Şirvanşahlar’dan Ahsitân b. Menûçihr, Nizâmi’den konuyu manzum olarak kaleme almasını isteyince Nizamî, dört aydan az bir süre içinde ( h. 584/m. 1188) 4718 beyitlik bir mesnevi yazmış, Nizami’nin üçüncü mesnevisi olan eserde, Arap kökenli olan hikâyeye hükümdarın hoşuna gitmesi için bir İranlı havası vermeye çalışmıştır. Nizâmî, Arap kaynaklarındaki malzemeyi kullanmakla beraber çöl ve bedevi hayatıyla ilgili olayların çoğunu şehirlerde geçmiş gibi göstermiştir.
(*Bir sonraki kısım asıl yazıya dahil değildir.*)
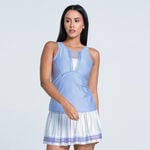 Vêtements De Tennis Lucky in Love Love Game Tank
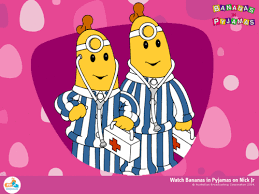 Maybe you would like to learn more about one of these? Bananas In Pyjamas Bananas In Pyjamas Photo 796635 Fanpop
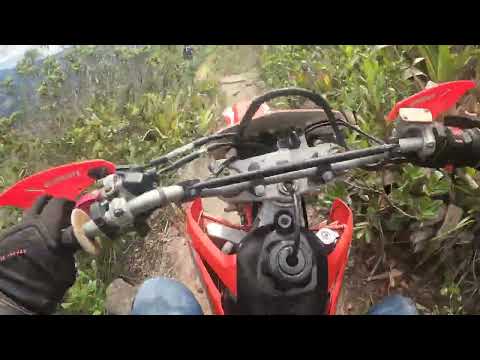 Trilhão Santa Rita do Itueto MG 2025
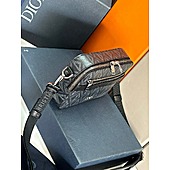 US$191.00 Dior Original Samples Handbags #572326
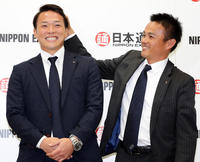 日本ハム3位生田目 武田久コーチの制球指導に感謝 プロ野球 日刊スポーツ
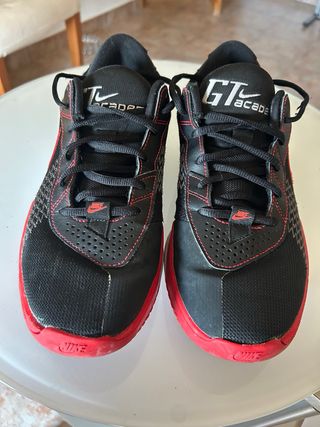 Zapatillas Nike Zoom GT Cut Academia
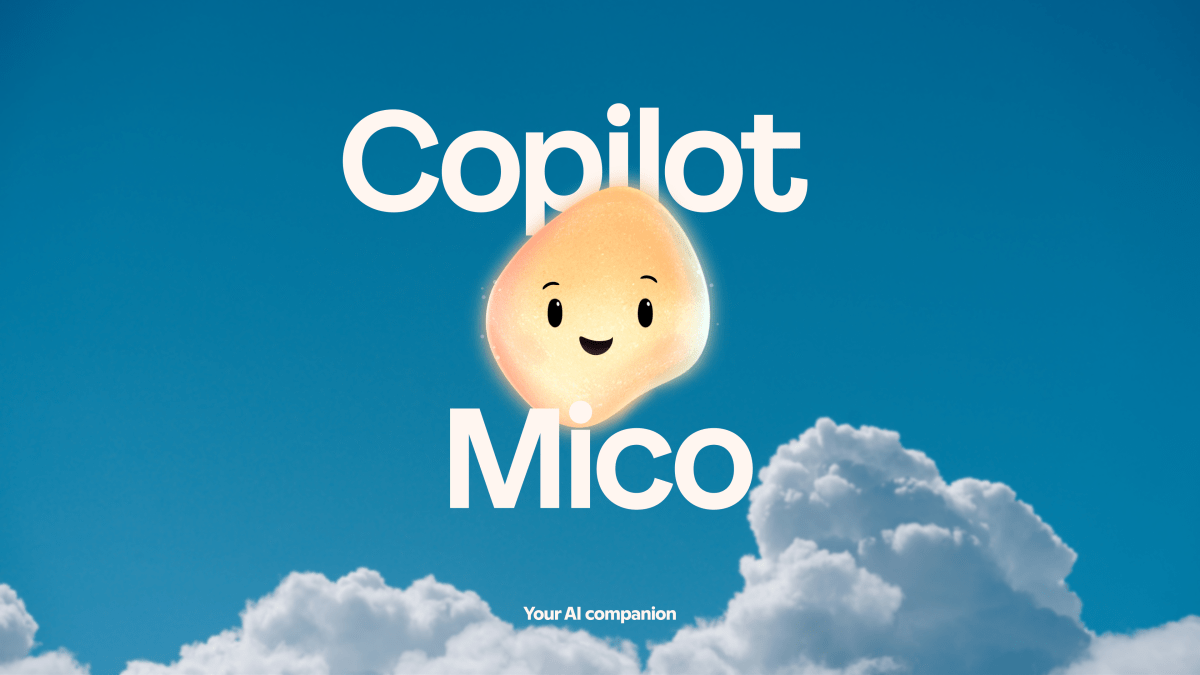 Microsoft хиймэл оюун ухааны бүтээгдэхүүнээ цэгцлэхийн тулд Copilot аппликэйшнүүдээ нэгтгэнэ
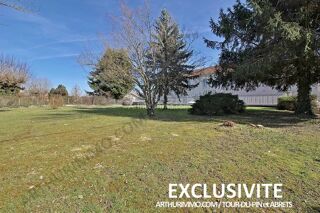  Terrain à vendre 1 pièce 629 m²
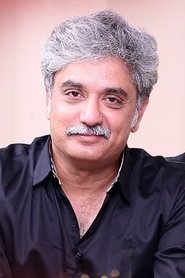 Mathew Varghese portrait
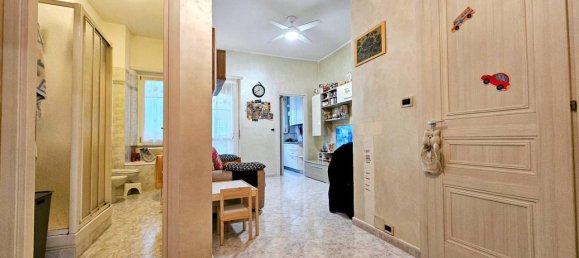 2 rooms Apartment in Moncalieri, Italy No. 147756 12
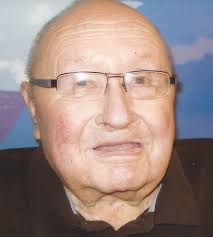 Joseph Tate Obituary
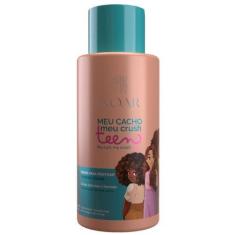 Imagem de Creme de Pentear Meu Cacho Meu Crush Teen Inoar 500ml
Nitekim eser, Leylâ ve Mecnûn çölde hayvan otlatırken değil okulda okudukları sırada başlar. Mecnûn’u savunan Nevfel bir Arap emîri olmayıp bir İran prensidir. Ayrıca Nizâmı eserine Zeyn ve Zeynel adında iki şahıs eklemiştir. Zeyn rüyasında Leylâ ve Mecnûn’un ancak âhirette birleşebileceklerini görür. Konuda en önemli değişiklik ise hikâyenin sonuyla ilgili bölümlerde yapılmıştır. Leylâ istemediği halde İbn Selâm adlı bir kişiyle evlendirilir, ancak kendisine dokunmasına izin vermez. İbn Selâm da ona olan aşkından dolayı ölür. Leylâ Mecnûn’u arayıp bulur. Fakat Mecnûn’un aşkı ilâhî aşka dönüştüğü için Leylâ’ya gereken ilgiyi göstermez, bu sebeple Leylâ üzüntüsünden ölür. Ardından Mecnûn da onun mezarı üzerinde ölür ve onun yanına gömülür. Aşklarının ilâhî aşka dönüşü, dünyanın fâniliği ve ölüm gibi konular esere tasavvufi bir nitelik kazandırmış, yer yer zikredilen gazeller de eserin etkinliğini arttırmıştır.
Nizâmî’den itibaren büyük ilgi gören Leylâ ve Mecnûn mesnevisi birçok şair tarafından ele alınmışsa da hiçbiri onun seviyesine ulaşamamıştır.